First of all, the legality of this claim seems questionable, as our poetry gear covers barely one third of the sidewalk and has caused no problems for the last 6 years that i am aware of.

 

Secondly, this law is obviously selectively enforced as businesses such as d.b.a. who have tables outside for smoking are "blocking the sidewalk"  much more forcefully, as as are other businesses pizza booths etc. which are on the sidewalk and may actually cause pedestrian traffic congestion.  

 

But i'm sure we both are aware that the issue of pedestrian traffic is not the main focus of the sudden enforcement of this issue. The purpose of this action is in my mind, a consolidation of power and public space by a powerful few to serve their economic and personal interests.

 

I believe these interests may not serve the best interests of New Orleans as a whole...either economically, culturally or artistically.
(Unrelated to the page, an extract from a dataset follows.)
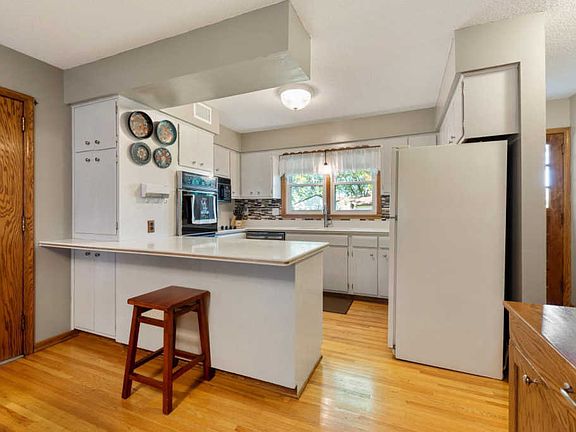 2nd image of 7509 Major Ave N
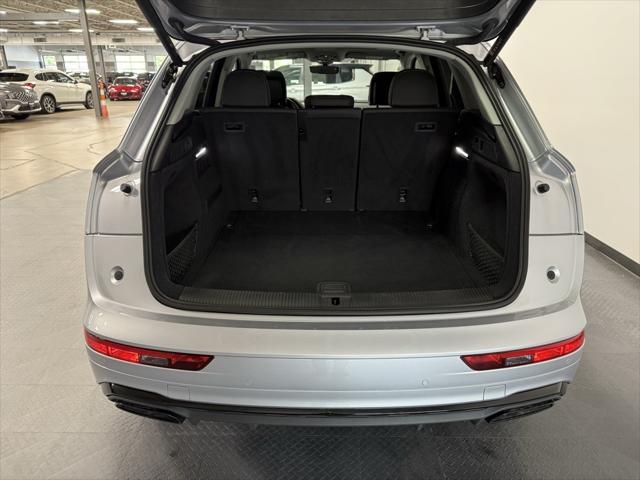 Photo of 2022 Florett Silver Metallic Audi Q5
Certainly not politically. 

 

I personally find Frenchmen street devoid of vendors and street artists to be a boring place and exemplify a New Orleans in which I don't wish to live. I feel that this issue is much like the proposed shut down of Royal Street to vendors and street artists...it is the manipulation of laws by a few powerful people in order to enforce their own version of New Orleans...one in which they feel completely in control of all live music, artists and vendors.

 

In other words it is extending a monopoly on who can be an artist in the public sphere and who might profit from that.   I am writing you as a citizen who is concerned with the cities future as an arts community and would like your help in preserving that. Recently, for example, there has been pressure by businesses to close down Royal Street to street artists because of a "Threat of Terrorism."  This is an absurd reason, obviously. What possible effect could old time bands and magicians have on the world state of affairs as far as acts of terrorism are concerned? How would opening up the street to automobile traffic solve these perceived problems?

 

The noise ordinance was/is another interesting piece of legislation, (which, in it's fine print wished to allow live music to be played only on Bourbon St...what an economic coup that would have been for somebody... and what a great cultural and artistic loss it would have been for everyone else but that small group of wealthy and powerful individuals.

 

I see this move to eliminate artists from Frenchmen Street as a similar power play and personally believe that this is not only illegal (selective enforcement) but contrary to the economic and cultural interests of the city.  I feel that New Orleans, by allowing street artists room in Jackson Square, Royal Street and Frenchmen Street to do their thing is greatly increasing the draw tourists have to come here. They really like it... people tell me that all the time... and they are spending plenty of money on traditional entertainment, hotels, restaurants etc. on their quest to see it. 

 

People move here for it and pay (seemingly) exorbitant amounts of money to live near it.

 

(It isn't the stunning architecture of the shotgun shack in my neighborhood that is somehow magically perceived to be worth ten times more than it was 3 to 5 years ago. That house isn't the draw ...it is the location in regards to the culture around it that is driving those high prices.) 

 

I am hoping that the public can help us (meaning New Orleans street artists) on this issue. A New Orleans without a vibrant arts community and street life is a place that i don't really wish to live. I feel that buskers and street artists of all sorts add to the joy and fun of the city and I for one think that New Orleans would be a sadder and more boring place without them.  

 

Thank you for your time and attention, 

heath stevens 

professional poet

 

The text above is a letter to the editor and expresses only the opinion of the authors, not NOLA Defender or NOLA Defender's Editorial Board.